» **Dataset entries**
::::
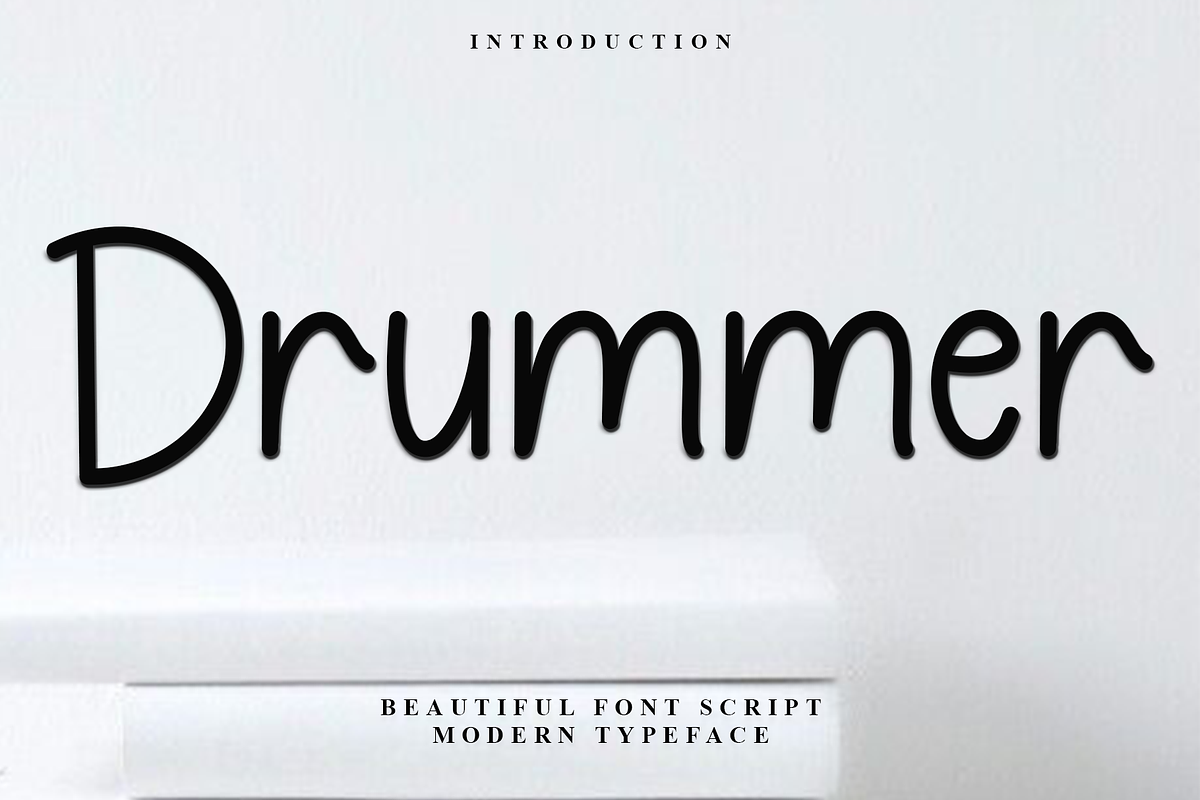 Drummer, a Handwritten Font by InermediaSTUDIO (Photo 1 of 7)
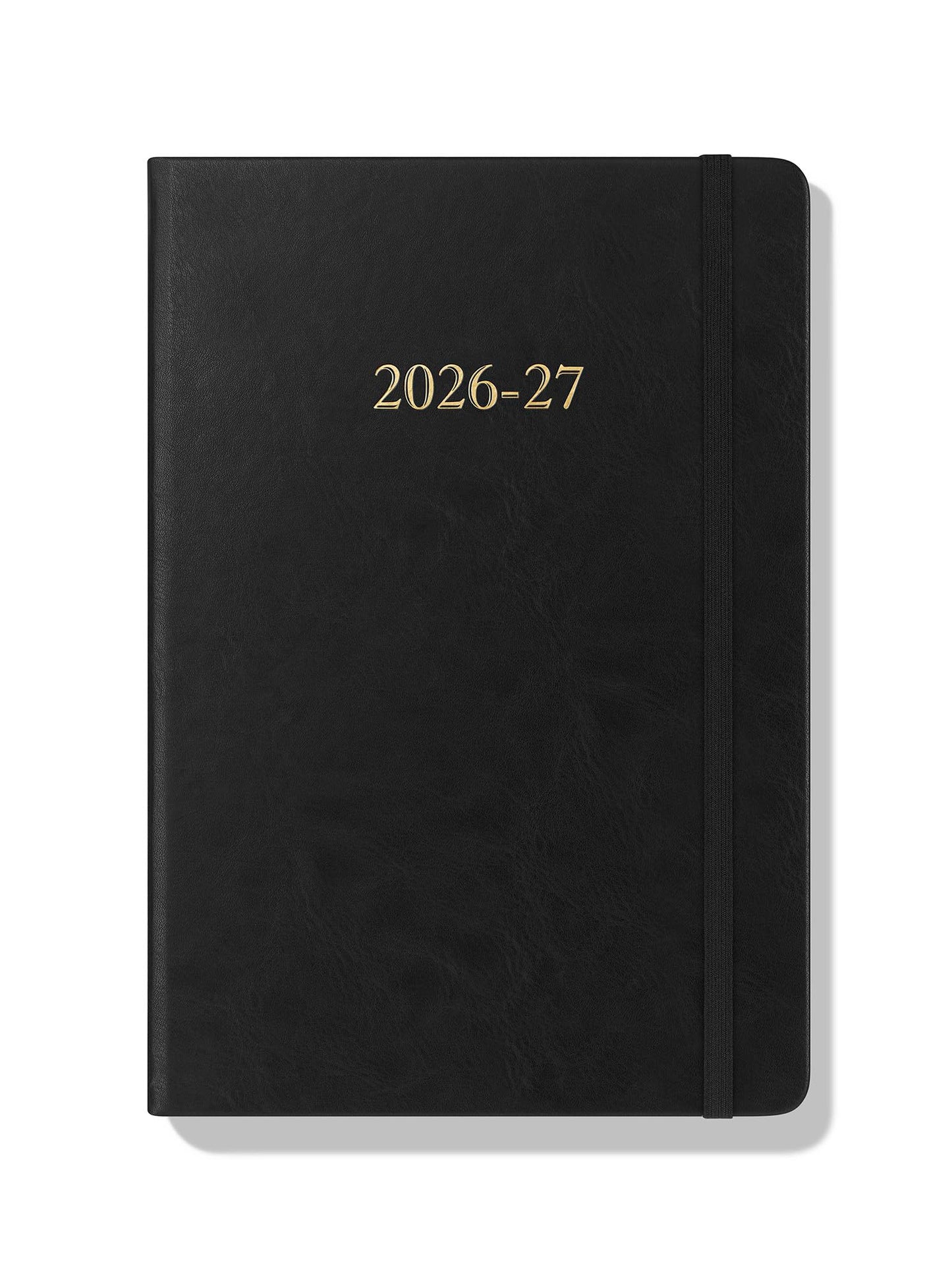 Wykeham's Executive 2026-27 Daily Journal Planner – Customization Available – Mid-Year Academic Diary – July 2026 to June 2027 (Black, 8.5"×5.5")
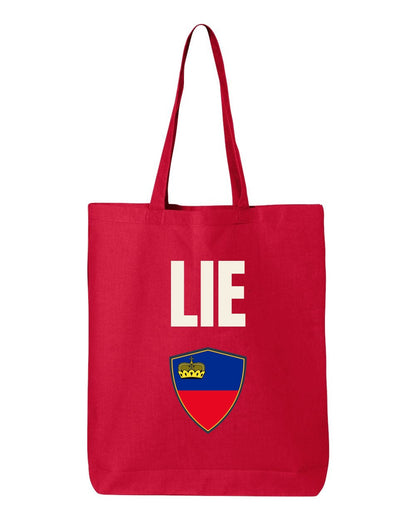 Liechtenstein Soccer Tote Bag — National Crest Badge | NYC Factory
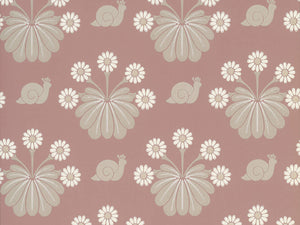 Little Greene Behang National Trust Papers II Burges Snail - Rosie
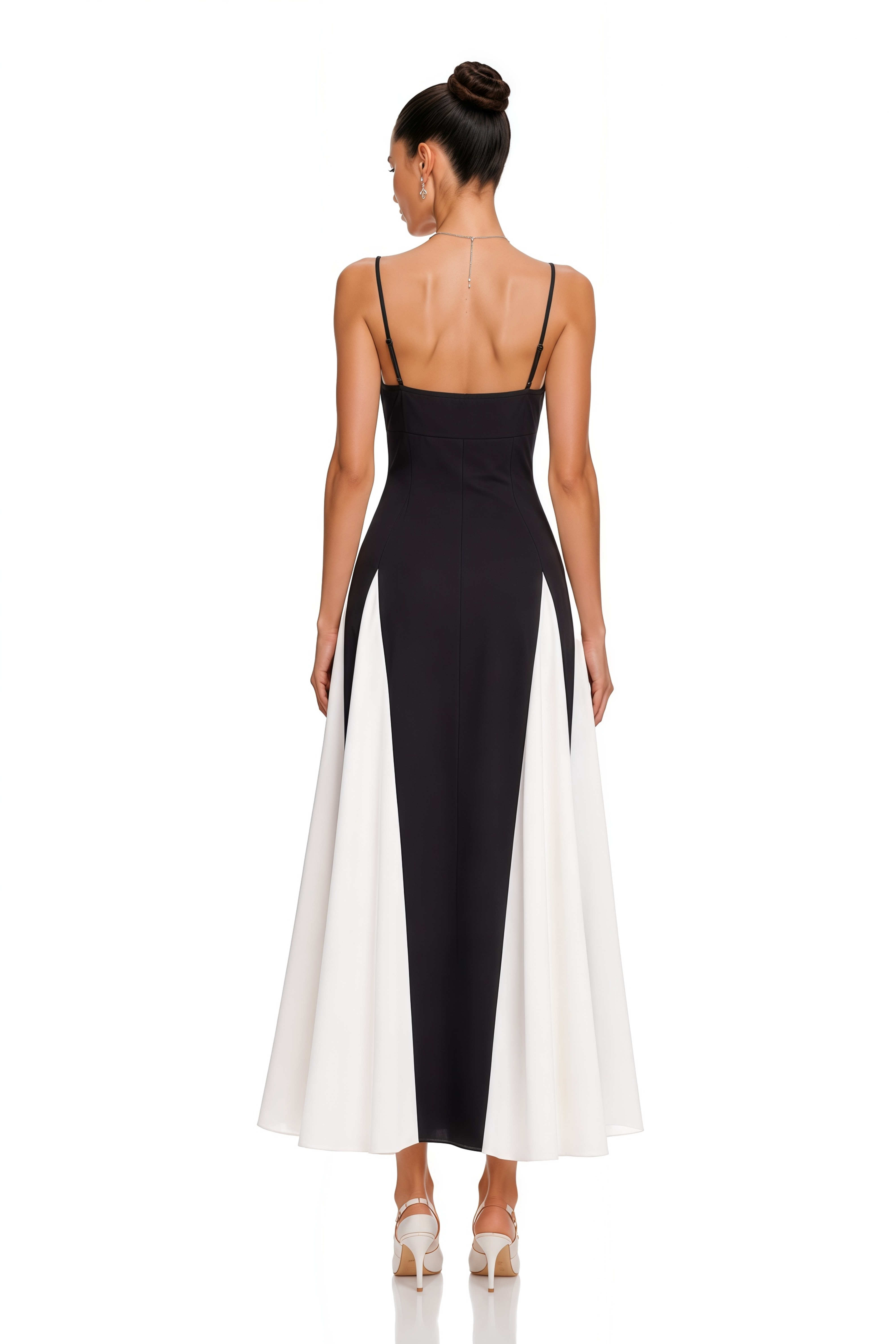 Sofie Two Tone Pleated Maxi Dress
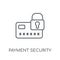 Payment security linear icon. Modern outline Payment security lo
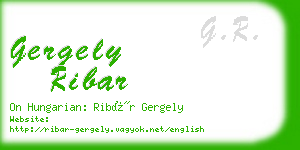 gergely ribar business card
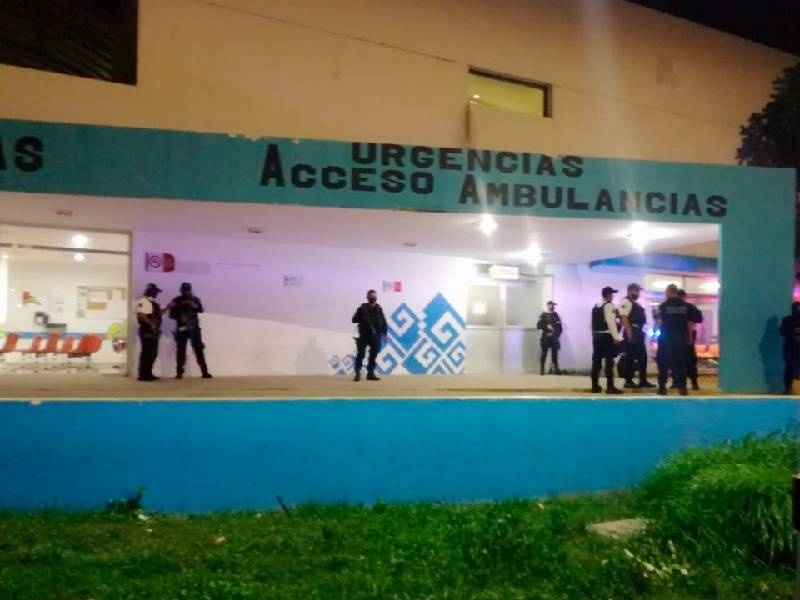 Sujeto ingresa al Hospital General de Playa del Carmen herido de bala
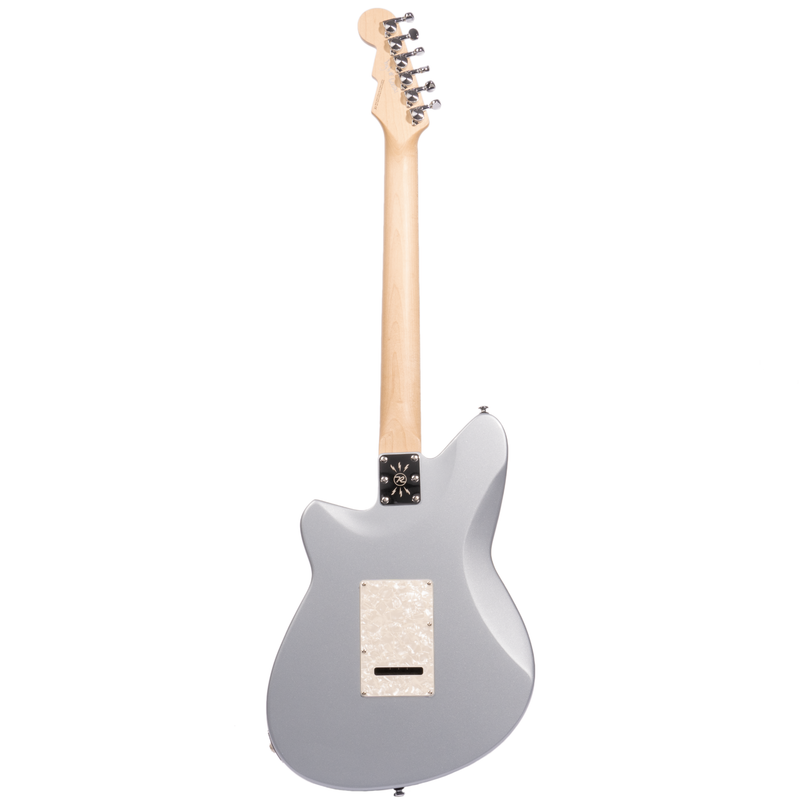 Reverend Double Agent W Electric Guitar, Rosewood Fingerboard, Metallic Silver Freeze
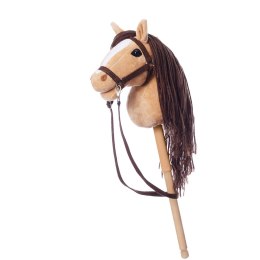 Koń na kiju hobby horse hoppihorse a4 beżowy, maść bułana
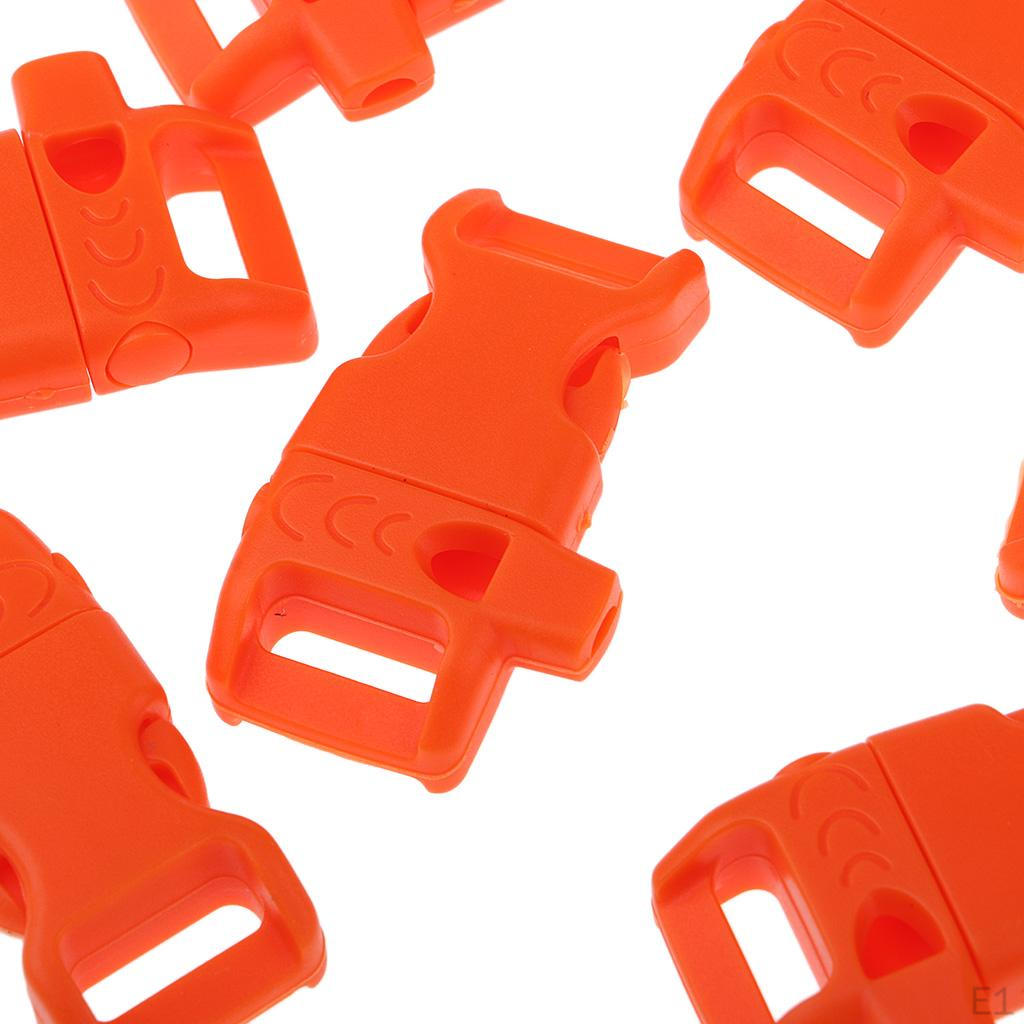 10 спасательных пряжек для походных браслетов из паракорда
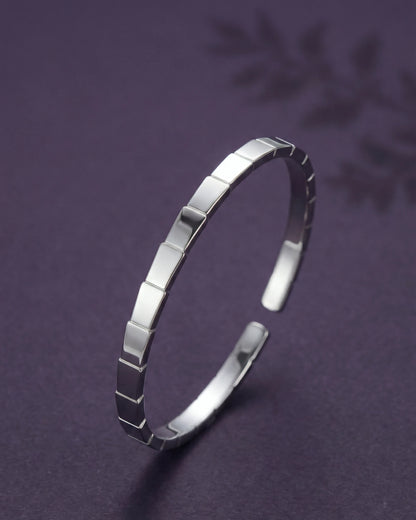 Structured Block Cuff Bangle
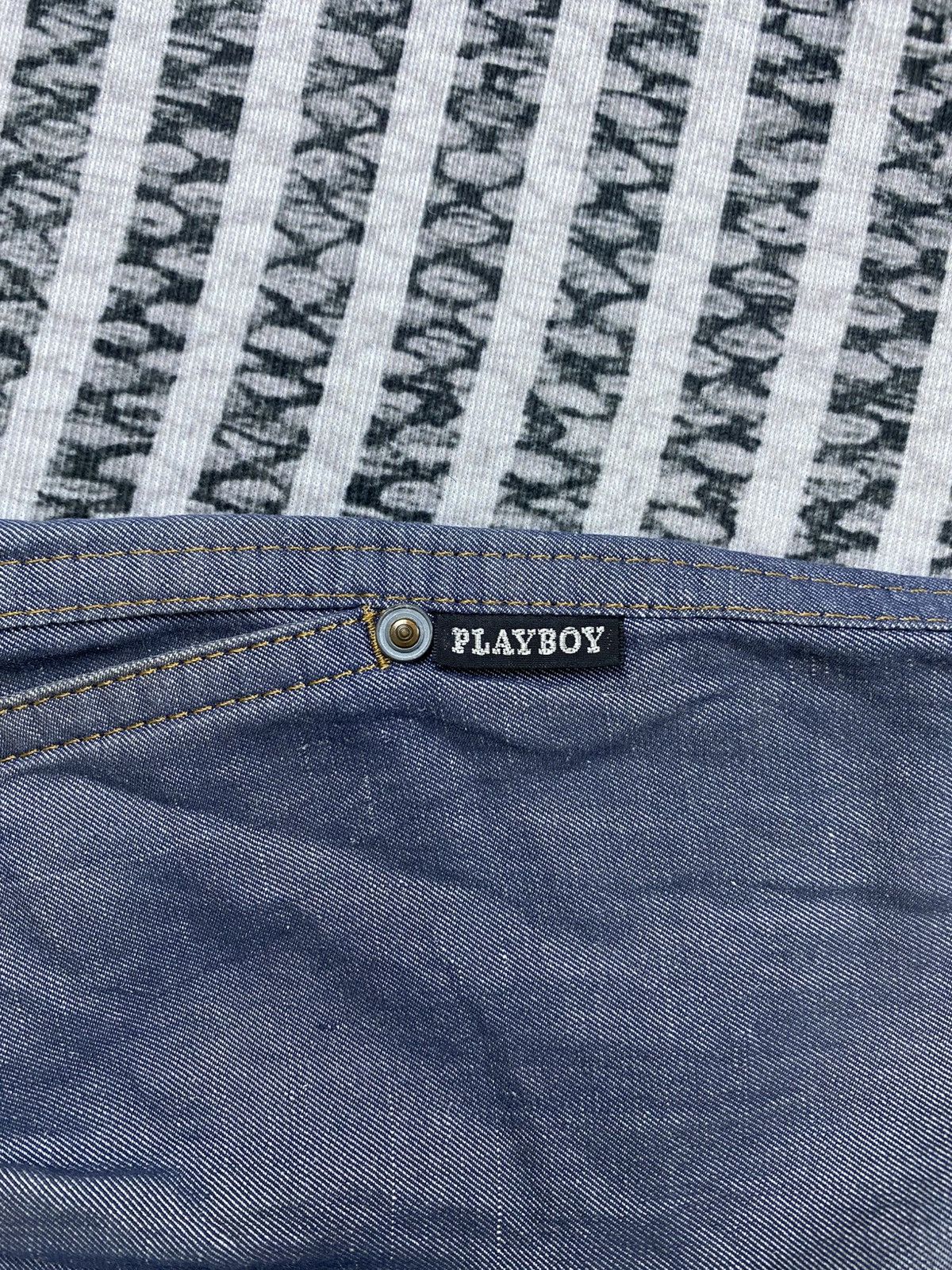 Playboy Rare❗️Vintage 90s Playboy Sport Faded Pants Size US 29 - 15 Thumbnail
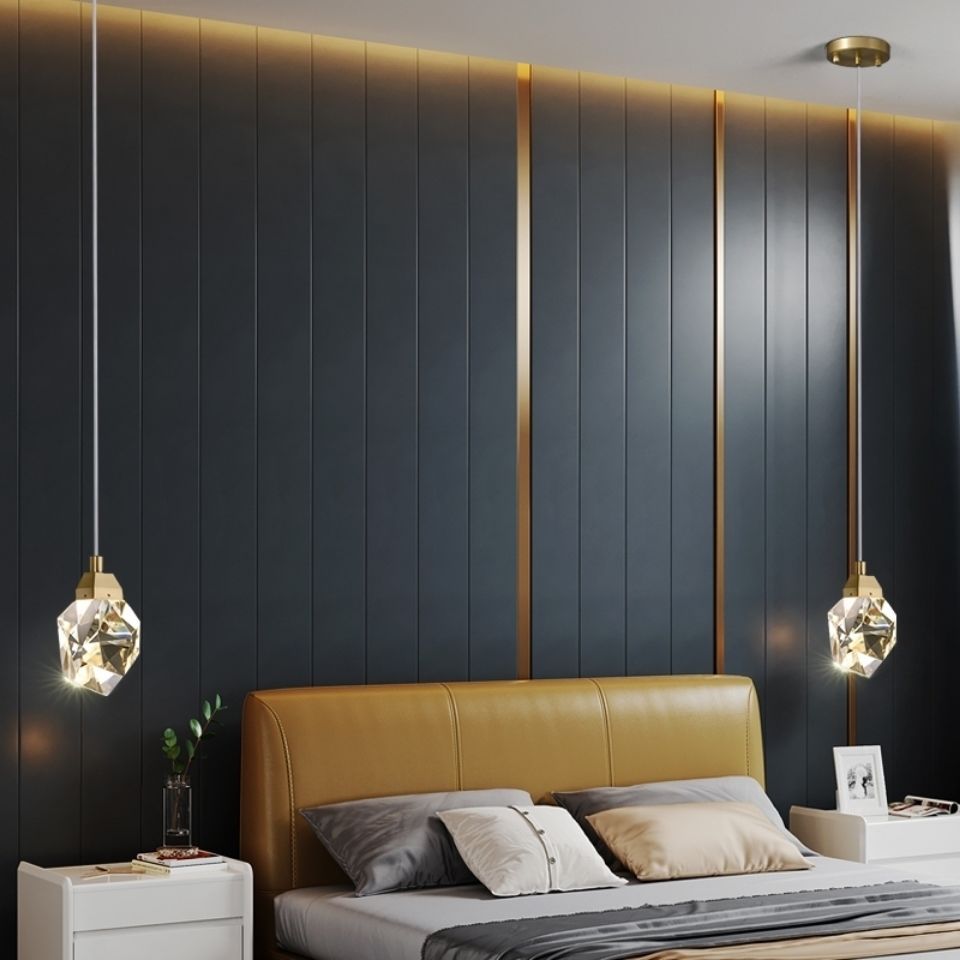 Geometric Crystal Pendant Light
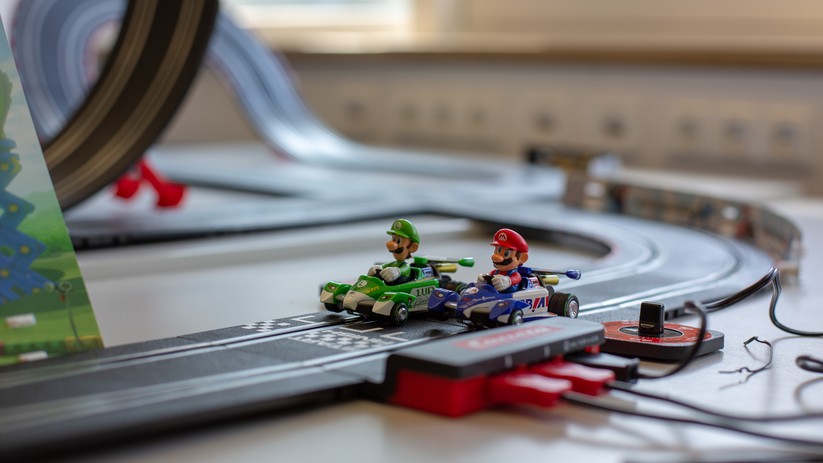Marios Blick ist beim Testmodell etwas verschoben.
::::
» **What is needed**
In the records above, take every line from the opening one through the line with "Sujeto ingresa al" and repeat it exactly; pictures are not part of the copy.

» **Answer for the task**
 Drummer, a Handwritten Font by InermediaSTUDIO (Photo 1 of 7)
 Wykeham's Executive 2026-27 Daily Journal Planner – Customization Available – Mid-Year Academic Diary – July 2026 to June 2027 (Black, 8.5"×5.5")
 Liechtenstein Soccer Tote Bag — National Crest Badge | NYC Factory
 Little Greene Behang National Trust Papers II Burges Snail - Rosie
 Sofie Two Tone Pleated Maxi Dress
 Payment security linear icon. Modern outline Payment security lo
 gergely ribar business card
 Sujeto ingresa al Hospital General de Playa del Carmen herido de bala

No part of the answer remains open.